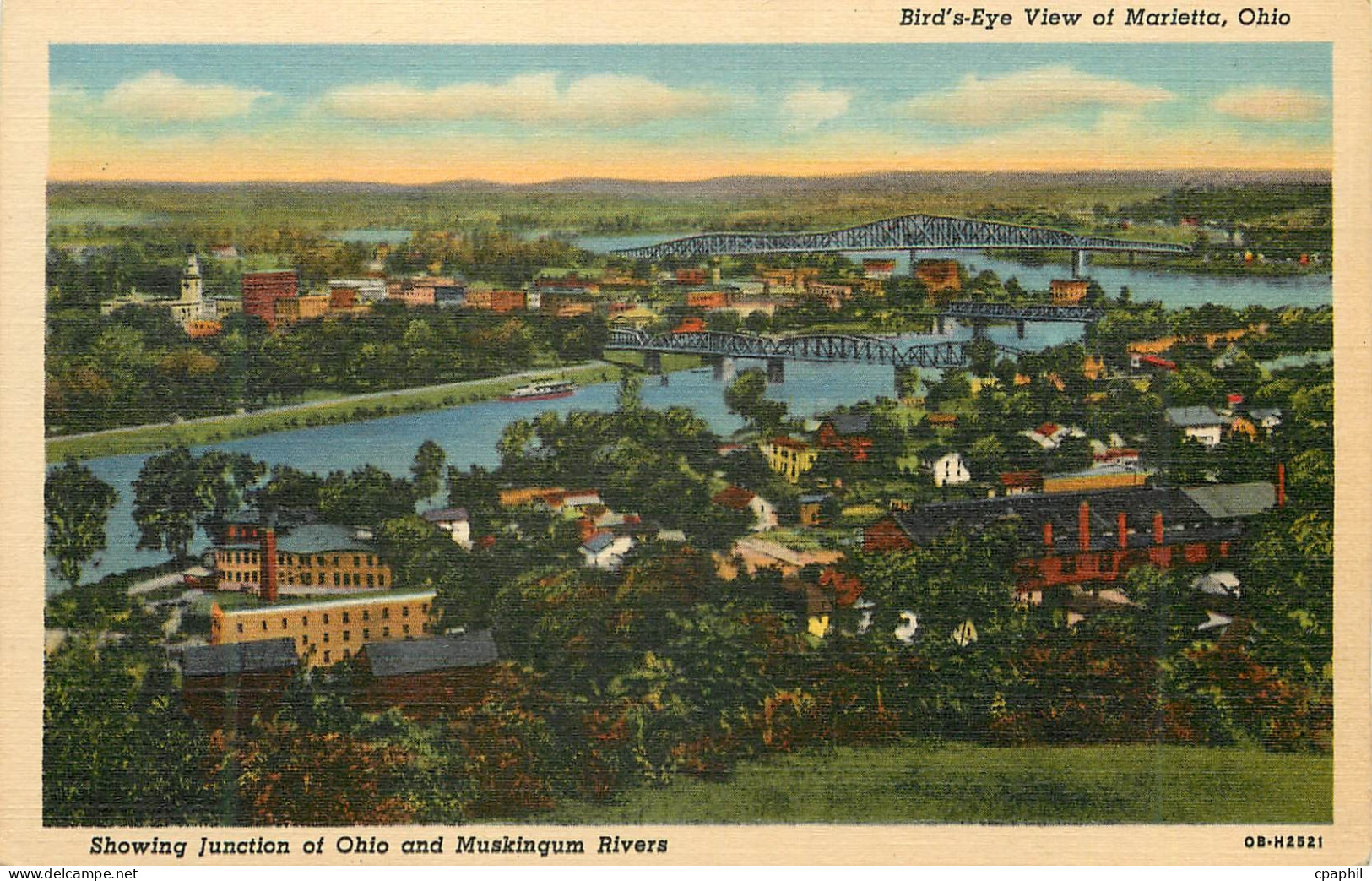 CPM Bird's Eye View of Marietta Ohio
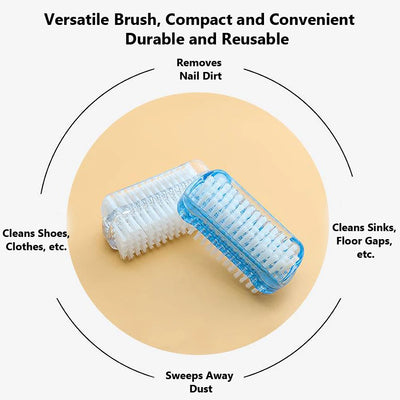 Double-Sided Cleaning Brush, Kitchen Bathroom Floor Toilet Cleaning Brush, Washing Brush Household Tool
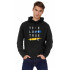 Hoodie for men YAPPI black patriotic with fleece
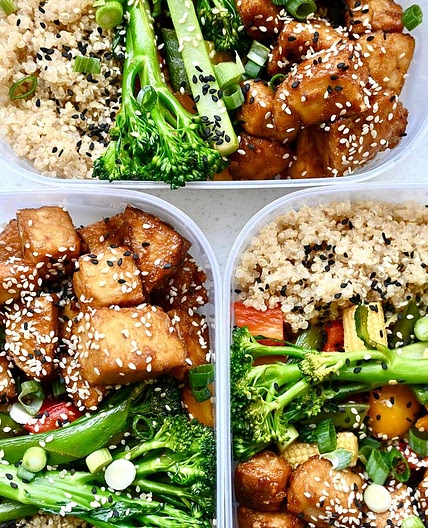 Teriyaki Tofu Quinoa 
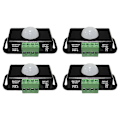 Miniatyrbillede 1 af 5: LED Bevægelsessensor 12V/24V DC, Bevægelsessensor Krop Infrarød Bevægelse PIR Sensor Switch Automatisk Trådløs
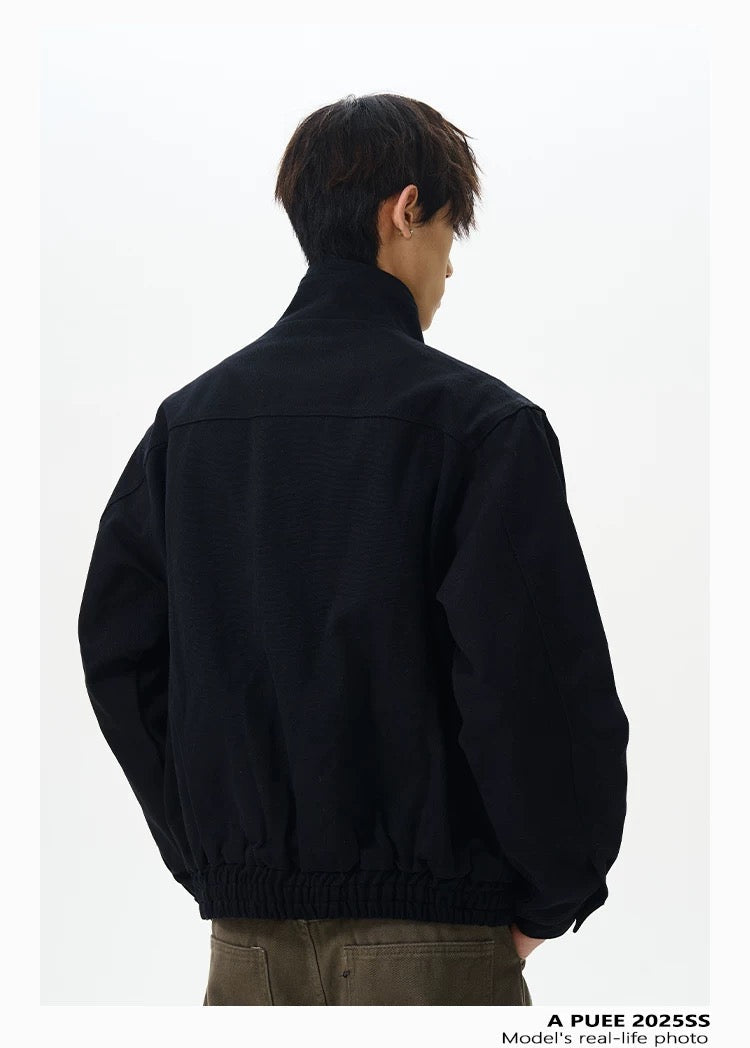 Men’s American Stand-Collar Jacket  FE0380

* TO DO: Print all the material above exactly, and drop the images.

* RESULT OF THIS EXERCISE:
 CPM Bird's Eye View of Marietta Ohio
 Double-Sided Cleaning Brush, Kitchen Bathroom Floor Toilet Cleaning Brush, Washing Brush Household Tool
 Hoodie for men YAPPI black patriotic with fleece
 Teriyaki Tofu Quinoa 
 Miniatyrbillede 1 af 5: LED Bevægelsessensor 12V/24V DC, Bevægelsessensor Krop Infrarød Bevægelse PIR Sensor Switch Automatisk Trådløs
 Men’s American Stand-Collar Jacket  FE0380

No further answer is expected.